A quest towards self-publication: entry 7

Frank Ryan 18 February 2007

www.lablit.com/article/215

Frank Ryan

I am no longer a piece of flotsam and jetsam at the whim of the editorial weather and tide

Editor's note: LabLit.com is pleased to continue our weekly blog from Frank Ryan, a scientist, doctor and best-selling author who is currently attempting to publish and promote his latest novel (written in the lab lit genre) via an untraditional route.

I’m swapping war stories under the African night sky with Jamie the Musician in this tavern of gladiators known as The Last Resort. The ogre, Muldoon, has once again eluded my searches but I know that sooner or later our paths will cross. Meanwhile I’m in need of spiritual refreshment. Jamie’s a Scot and his libation of choice is Macallan, but he keeps a bottle of Jameson stocked on his shelf. So it is that amid the ritual insulting of each other’s whiskeys we discuss the tribulations of a self-publishing writer in this moronic age of celebrity adoration.

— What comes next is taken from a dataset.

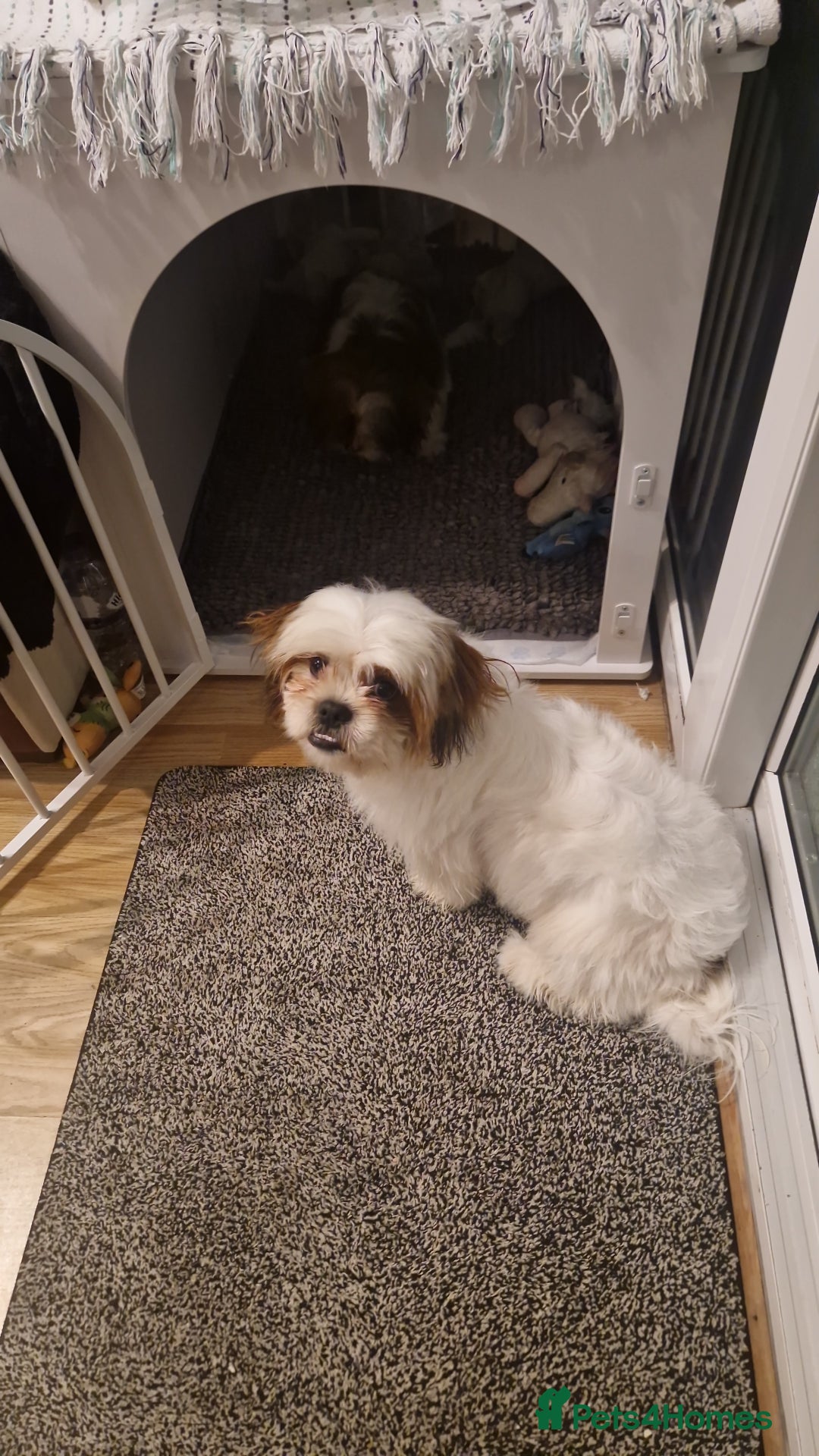 Shih Tzu dogs for sale: Shih tzu puppies  - Advert 13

Muldoon aside, two missions loom large in my mind – indeed they are vital to my requirements. I need to enlist an editor to knock my rude prose into shape and an artist to clothe my dark tale in dazzling visual metaphor.

In deciding the editor of The Doomsday Genie, I have several caveats. The book is not merely a work of fiction but also a work of science in fiction. Moreover the story is based in America and written in American English and it embodies several feisty female characters. Thus, I need a (preferably feisty) female editor, ideally American, who happens to be both skilled in fiction construction and knowledgeable about science. A tall order, as you might imagine. Where might I find such a rare individual?

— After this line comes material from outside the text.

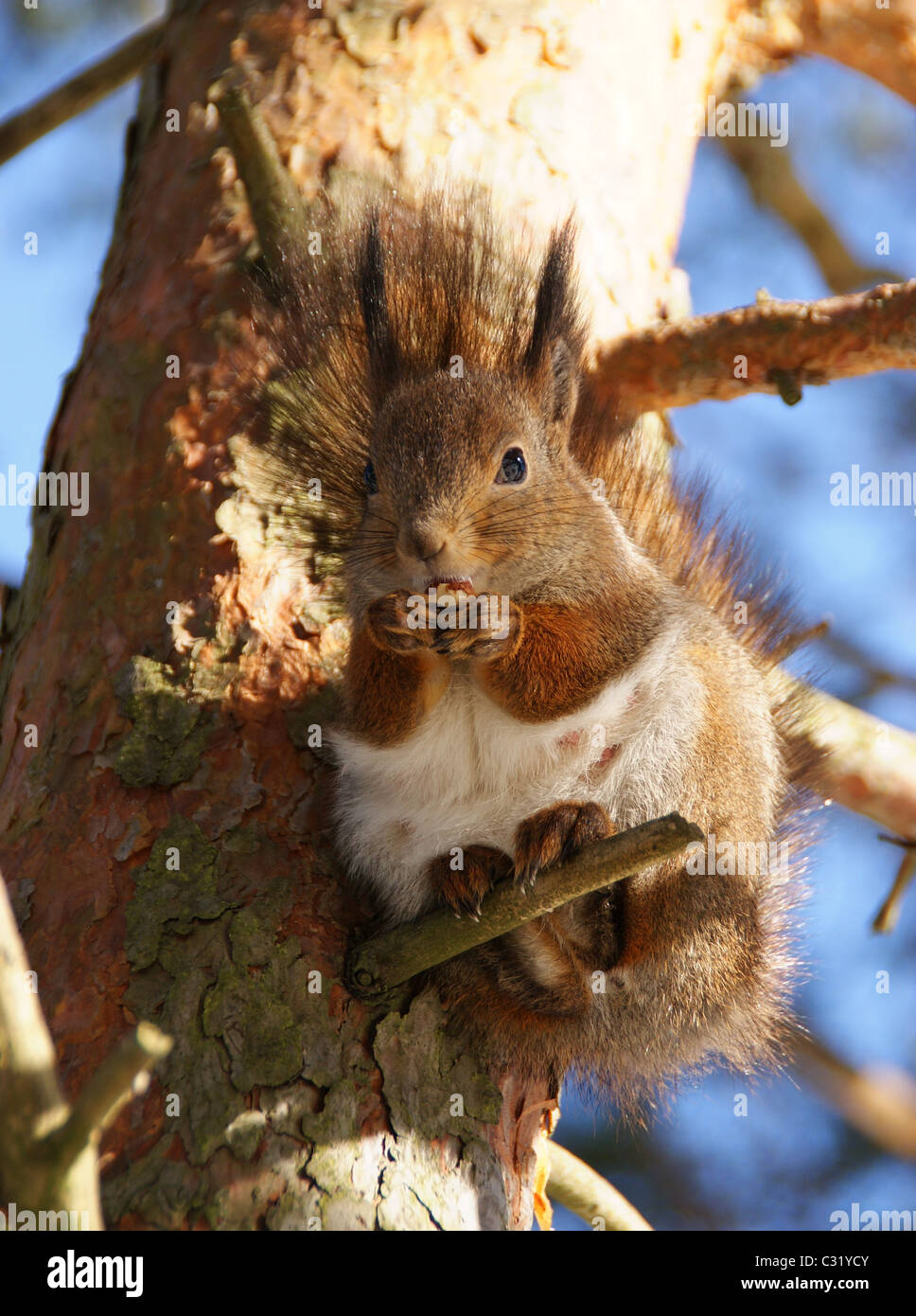squirrel sits on a tree and gnaws a nut Stock Photo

e-mail to Jenny, Editor of Lablit.com:

I’m setting up an exercise to self-publish my science in fiction thriller, The Doomsday Genie. You might be in a position to help with the editing?

e-mail from Jenny:

What an excellent idea! Editing is not a problem. In short, yes! Let’s do it.

Peaty elixir clinks glasses with fine oak single malt.

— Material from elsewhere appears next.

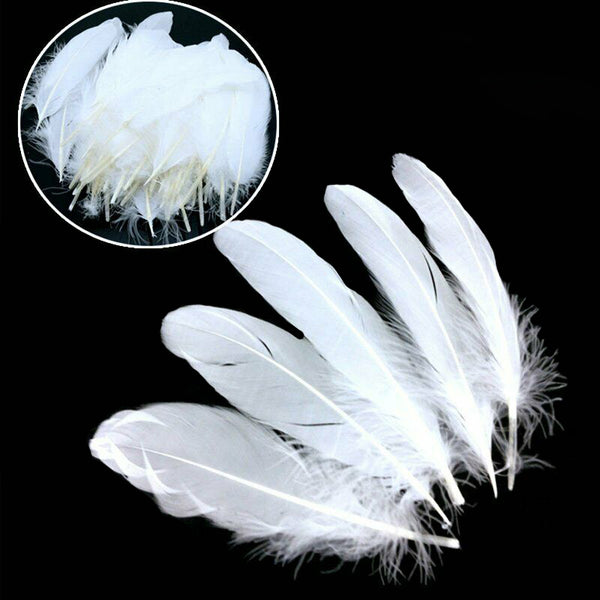 Mix Hen Pheasant Peacock Tail Eye Goose Feathers Wedding Millinery DIY Craft - Lets Party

On to the cover! Only the best will do. And there is no doubt whatsoever as to who constitutes the best. I must have Mark Salwowski, the source of those classic Iain M. Banks covers. I have worked with Mark in the past, when he painted the cover of my book, The Sundered World. But Mark has moved continents. How on earth am I going to get in touch with him after a gap of five or six years?

I try his former e-mail address. Cast the siren call into the ether. It bounces back. Extinct as a 78 vinyl of Bill Haley. I head off to root in my files. Fortunately I retain amazingly logical records of all past dealings (Yeah – dream on!). Furious trawling and scatter-gun searches follow – until, on a single sheet, I discover an Ozzie number written in my own familiar scrawl. Suck it and see…

‘Hi – am I speaking to Mark Salwowski?’

‘Yeah – this is Mark.’

‘Oh (blessed relief) hi, Mark! Remember me – Frank Ryan?’

‘Frank – how could I forget!’

‘Aha! Well I’m publishing a science-based thriller, initially at least in e-book form. Are you interested in doing the cover?’

It’s kind of pleasant linking up again and we talk at length. At some stage in the conversation, he says, ‘Yeah – you can count me in!’

‘Great!’

He gives his new e-mail address. I send him the unedited typescript as an electronic attachment. I await for his response.

Hi, Frank. Thank you for a thoroughly enjoyable weekend’s read! In a word, brilliant! It was right up my street, intelligent, knowledgeable science with a strong fast-paced storyline.

Clinking of several more rounds of whiskies.

Then Jamie drops a bombshell. ‘Now you’ve got me interested. What if I were to write you some music to go with the release of your dragon?’

‘Are you serious?’

He exposes his left shoulder, over which is draped a fantastic tattoo of a dragon rising. ‘On condition,’ he adds, ‘you write me a poetic verse about a dragon rising, and convert it into Gaelic.’

Forget the glasses. We clink bottles! Hoist the tricolor my friends!

At some stage in the subsequent haze of proceedings I realize that my dragon is beginning to take shape within its egg. If I could put a sensitive enough instrument on its blacker-than-night shell, I might hear its embryonic shuffling. From hereon in it’s in nobody’s hands but my own. Suddenly I sense it – hey, man – the freedom! It’s a mind-expanding sensation. I am no longer a piece of flotsam and jetsam at the whim of the editorial weather and tide.

**********

It is approaching dawn and I have little memory of how I come to find myself sitting in the fine white sand of a starlit beach, between tamarisk trees. But I am still sufficiently exalted to loft the half-empty bottle to Orion, who is slinking westwards into his cave of charcoal green.

Psst!

I peer over my shoulder, to find there is nobody there. ‘Hey – if you’re the muse old Faust called up, you can also shift your metaphysical backside out of my affairs.’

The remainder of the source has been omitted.